Para Álvaro Bandeira, economista-chefe e sócio da Modal Mais, a semana foi marcada pela alta volatilidade. ;Começamos a segunda-feira influenciados pela falas de Paulo Guedes (ministro da Economia) de que a reforma da Previdência seria feita de forma rápida, não sendo desidratada, com expectativa de economia fiscal de R$ 1,1 trilhão. Havia uma expectativa também positiva, no cenário externo, em relação ao Brexit. Assim, chegamos aos 100 mil pontos;, explicou.
Bandeira acredita que pesou, nos negócios locais, o temor dos traders não só com a situação interna como também no mercado internacional. ;A situação se deteriorou no cenário externo, com os bancos centrais não mexendo nas políticas monetárias, sinalizando que a condução dos juros permanecerão as mesmas, assim como indicadores econômicos fracos. Então, eu diria que o movimento de queda forte do Ibovespa é um pouco da importação de aversão, no exterior, assim como a percepção de deterioração, com a reforma apresentada para os militares;, completou. Segundo ele, neste momento, o investidor local optou pelo mercado de derivativos.
Pedro Paulo Silveira, economista-chefe da Nova Futura Investimentos, afirmou que, apesar do desempenho ruim dos negócios na semana, as perspectivas continuam as mesmas. ;Nada muda. Os agentes continuam a acompanhar a questão da desaceleração global, que continua sendo muito forte. Inclusive, ontem, com o resultado negativo dos indicadores econômicos, os mercados internacionais caíram muito. Já no Brasil, tudo gira em torno da reforma da Previdência. Se a reforma vai bem, o mercado se sustenta;, comparou.
Em relação à prisão do ex-presidente Michel Temer, Silveira pondera que o problema central tem a ver com o MDB. ;A questão nem é a detenção de Temer. A percepção que emergiu, no mercado, é que vai ser muito difícil avaliar a continuidade da reforma com o cenário. O MDB (partido de Temer) tira, imediatamente, a possibilidade do governo conquistar três quintos para aprovar a reforma;, avaliou.

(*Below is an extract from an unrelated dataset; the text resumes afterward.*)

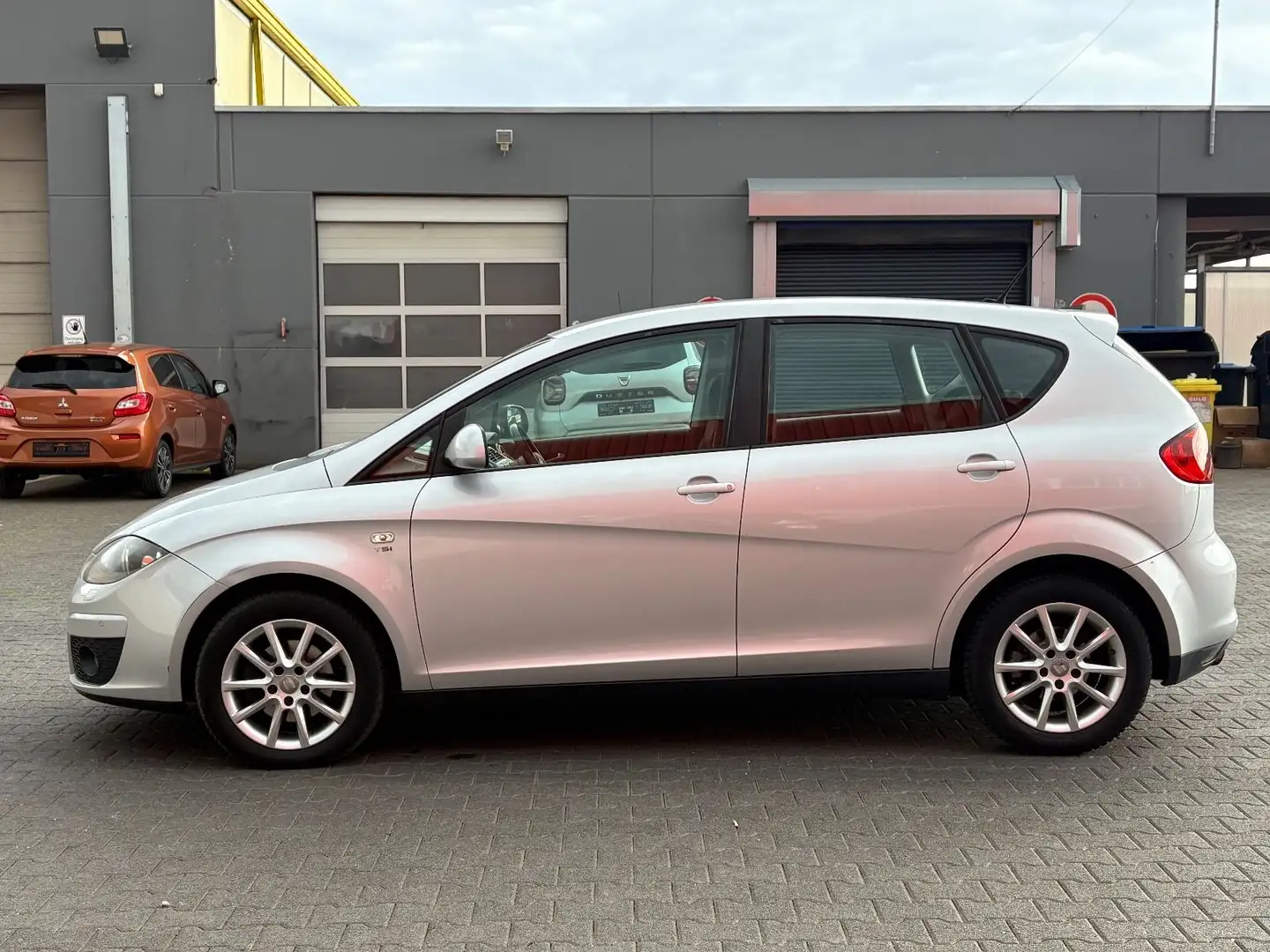 SEAT Altea *AUTOMATIK* TÜV NEU *GARANITE* NAVI Silber - 2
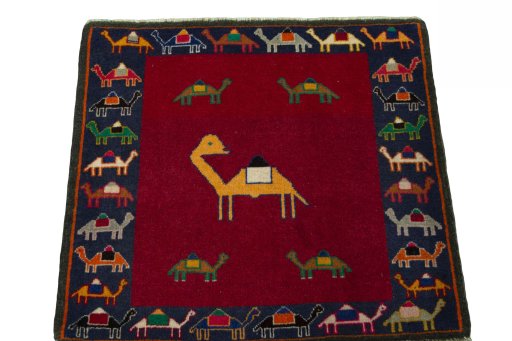 Surface texture of 2000s Shiraz rug with natural Wool and intricate pattern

No mercado exterior, os operadores estiveram atentos aos dados de atividade econômica da Alemanha, maior economia da Zona do Euro, que apresentou recuo em sua indústria. O setor industrial também apresentou recuo no Japão. Já nos Estados Unidos, o Índice Gerente de Compras do mês recuou ao menor patamar em quase 21 meses.
Câmbio
Assim como na B3, houve uma inversão de expectativa em relação ao dólar. Se a divisa norte-americana abriu a semana em queda, cotado a R$ 3,792, ontem atingiu R$ 3,906 em alta de 2,71% em relação ao dia anterior. Foi a maior alta diária desde 18 de maio de 2017 e o valor de venda mais alto desde o início do ano. ;Alimentando a aversão ao risco, na conjuntura internacional, passando pela prisão de Temer, o mercado assimilou a ideia de que a reforma terá mais dificuldade para passar no Congresso. Com isso, vimos, ontem, uma forte desvalorização do real frente ao dólar, impactando nos juros;, analisou Newton Rosa, economista-chefe da Sulamérica Investimentos.
Questionado sobre o novo patamar atingido pela moeda dos EUA, Rosa não vê espaço para depreciação sem notícias positivas. ;A alta do dólar não foi sentida só aqui no Brasil, como também em diversos países emergentes. O humor dos investidores precisa melhorar no exterior e aqui. Se não houver uma notícia boa apagando esse mal-estar, o dólar continuará avançando rumo aos R$ 4;, alertou.